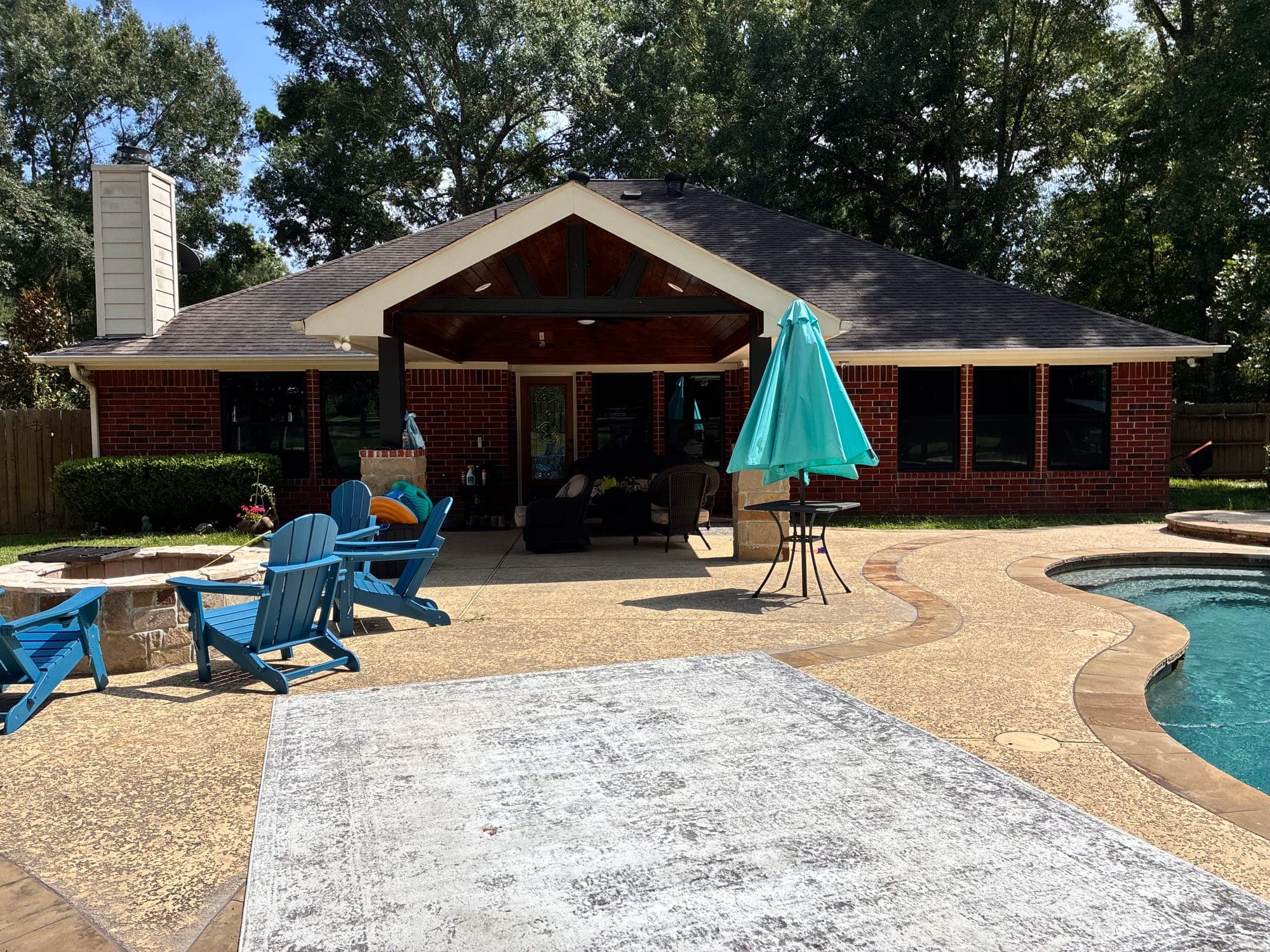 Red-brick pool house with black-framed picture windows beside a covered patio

* * *

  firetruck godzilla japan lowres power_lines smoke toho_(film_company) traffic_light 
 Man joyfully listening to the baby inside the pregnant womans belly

→ Directions for this task
Retype, exactly and in full, the lines above from the one containing "firetruck godzilla japan" through the one containing "Man joyfully listening".

→ Solution to the problem
  firetruck godzilla japan lowres power_lines smoke toho_(film_company) traffic_light 
 Man joyfully listening to the baby inside the pregnant womans belly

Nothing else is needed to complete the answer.